In general, the "original" regular expressions, as accepted by early UNIX tools were all truly regular. They are now sometimes known as "Basic Regular Expressions". The expanded language presently supported in many UNIX tools, Java, Perl, Python, and other environments is often known as "Extended Regular Expressions".
Some of these new tools aren't really "regular" as the patterns they describe can't be recognized by a FSM. Consider, for example, the ability to capture groups and use the captured group within the same expression, e.g. "^([0-9]+)[a-zA-Z.*]\1", which mataches a string that contains the same number on the left and the right, with a string sandwiched in between. An FSM has no way of remembering this initial number of unknownable length.

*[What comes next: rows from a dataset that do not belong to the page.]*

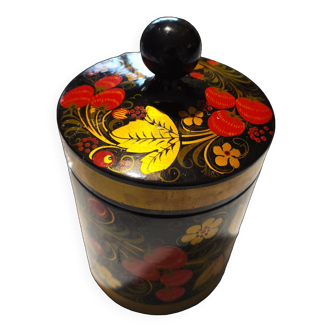 Russian khokhloma lacquered wooden box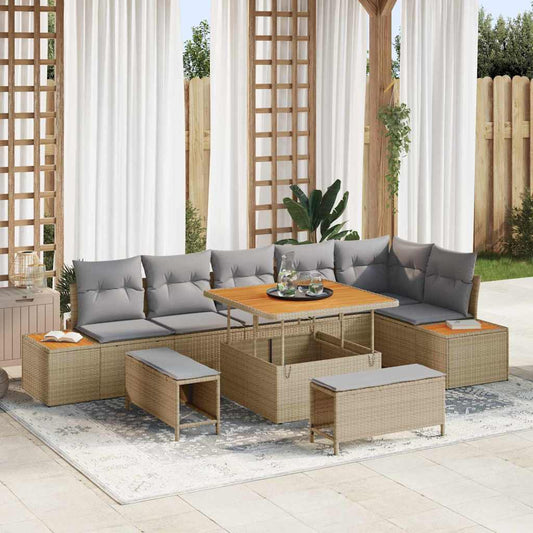 vidaXL Σετ Καναπέ Κήπου με μαξιλάρι 9 pcs Μπεζ Πολυ ράταν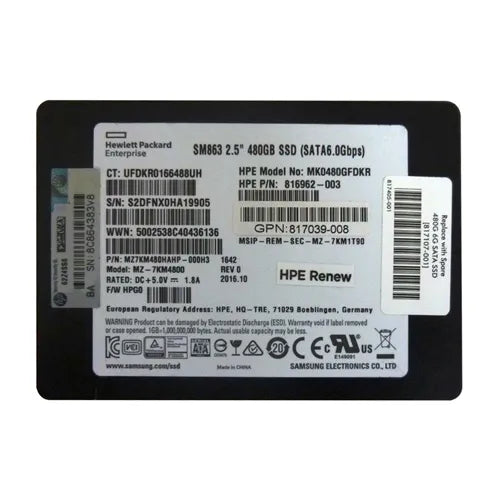 816962-003 HP 480GB Multi-Level Cell SATA 6Gb/s Mixed Use-3 2.5-Inch Solid State Drive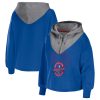 WEAR by Erin Andrews Philadelphia 76ers Women's Stylish Royal Pieced Quarter Zip Hoodie Jacket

Using Regular Expression in Java

Using regular expressions in Java takes just a few easy steps:

Represent the regular expression in a String, escaping metacharacters used as literals (e.g., "\$") and predefined character classes (e.g., "\\n") as necessary.

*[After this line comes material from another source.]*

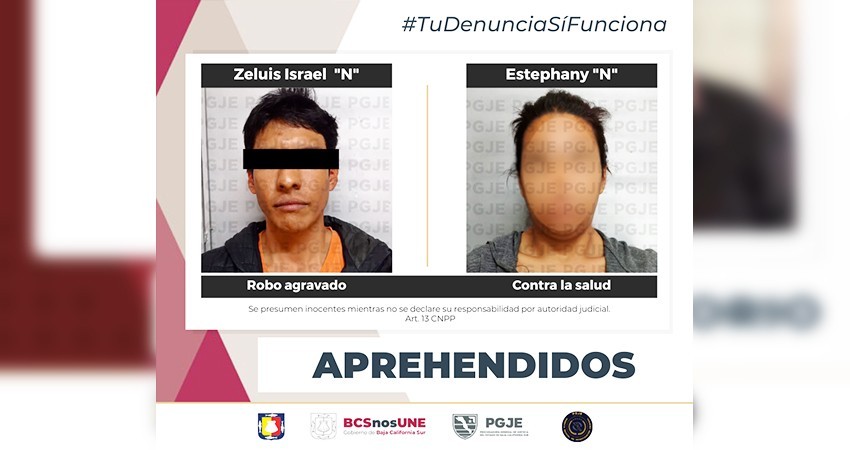 Son aprehendidos un hombre y una mujer en La Paz por diversos delitos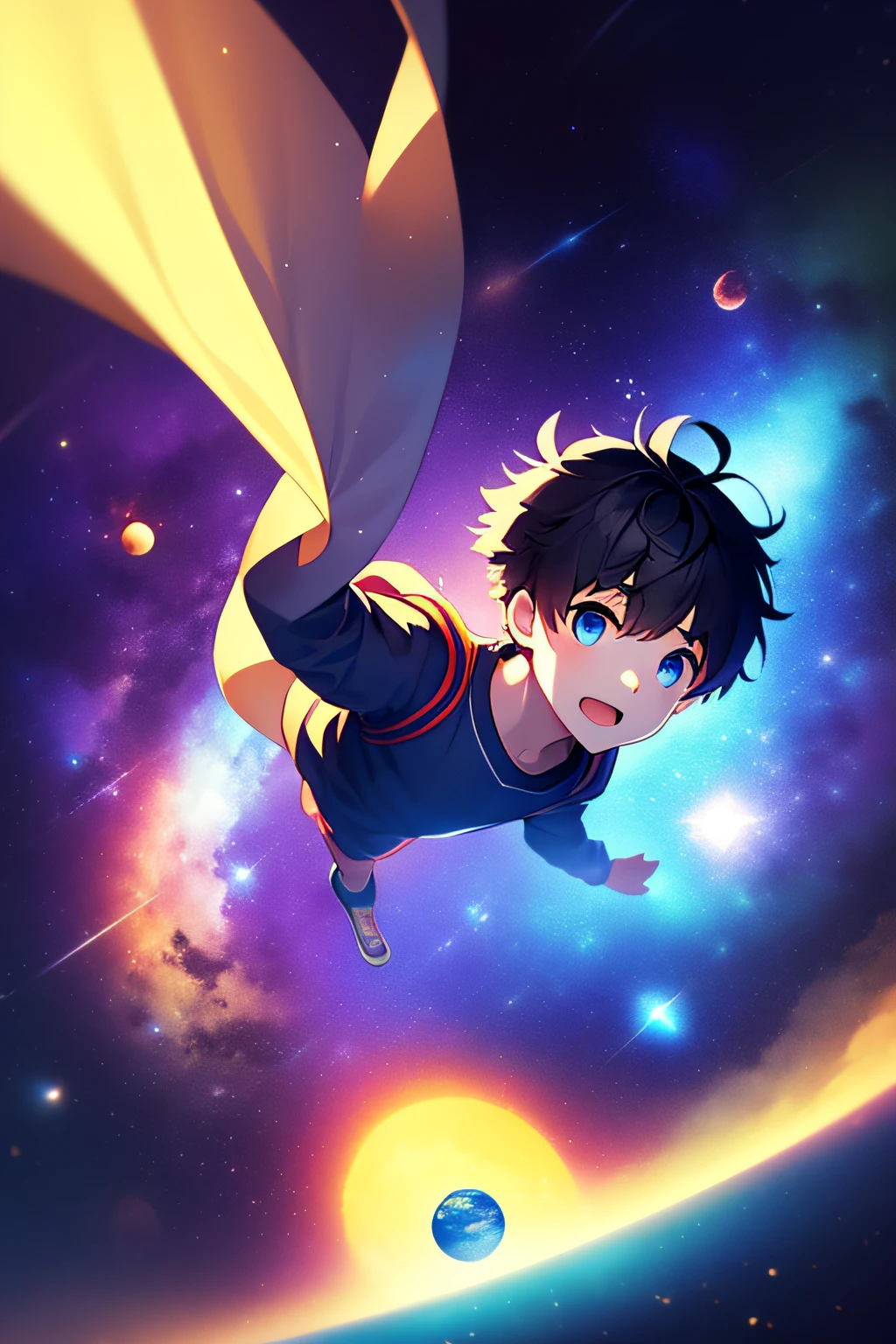 ridiculous resolution, high resolution, (masterpiece:1.4), super detailed, 1boy, seen from above, space, floating, --v 6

Create a new Pattern object representing from this String to use for matching within the program.

Make use of the newly created Pattern by using it to create a new Matcher. The Matcher, born of a particular Pattern and a particular input/target String, is used to examine the input string to see if it matches, as a whole, or in part, the Pattern.

"Step 1" is straight-forward. Just express your idea as a regular expression, either as a string literal or via a reference variable. "Step 2" is also straight-forward. We use Pattern's compile() method to create the new pattern. An example is below:
  String datePatternString = 
          "(19|20)\\d\\d[- /.](0[1-9]|1[012])[- /.](0[1-9]|[12][0-9]|3[01])";
  Pattern datePattern = Pattern.compile(datePatternString);
  
"Step 2" is also very straight-forward. We give the Pattern a string and ask us to create an instance of the Matcher object that can apply the prescribed pattern to the supplied string. An example follows:
  String datePatternString = 
          "(19|20)\\d\\d[- /.](0[1-9]|1[012])[- /.](0[1-9]|[12][0-9]|3[01])";
  Pattern datePattern = Pattern.compile(datePatternString);

  Matcher m = datePattern.matcher("Today's date is 2008-06-01.");
  
"Step 3" is where things get intereesting. The Matcher class is very rich, but, let's look at a couple of examples. The first is the matches() method. It returns true or false, depending on whether or not the entire string matches the prescribed pattern:
  String datePatternString = 
          "(19|20)\\d\\d[- /.](0[1-9]|1[012])[- /.](0[1-9]|[12][0-9]|3[01])";
  Pattern datePattern = Pattern.compile(datePatternString);

  // Notice that this string contains a date, but, when taken as a whole
  // is not entirely and exactly a date.
  Matcher m = datePattern.matcher("Today's date is 2008-01-16.");

  if (m.matches())
    System.out.println ("The string is exactly a date"); // Won't happen
  else
    System.out.println ("The string is NOT exactly a date"); // BINGO
  
We can also walk through a string an extract from it subsequent substrings that match a particular pattern. We might, for example, walk through text and extract each date we find. To do this, we make use of the find() and group() methods in much the same way as we would use the hasNext() and next() method of an iterator. The find() method returns true if, and only if, the next call to group() is able to return another matching substring.
The example below serves as an example of this technique:
  String datePatternString = 
          "(19|20)\\d\\d[- /.](0[1-9]|1[012])[- /.](0[1-9]|[12][0-9]|3[01])";
  Pattern datePattern = Pattern.compile(datePatternString);

  Matcher m = datePattern.matcher
              ("Today's date is 2008-01-16. Yesterday's date was 2008-01-15.");

  while (m.find()) {
    String dateString = m.group(); // This extracts the next date

    System.out.println ("Found date: " + dateString); 
  }

  // The loop above prints:
  // 2008-01-16
  // 2008-06-15
  
The Matcher class is very rich. It can be limited to looking within only certain regions, and allows either the underlying pattern, or the input string to be changed. We discussed in class the idea of using one pattern to find an appendix within a book and then, once there, using another pattern to extract data from the tables. Regardless, take a look at the JavaDoc for the Matcher class for more details about the various capabilities of this class of objects.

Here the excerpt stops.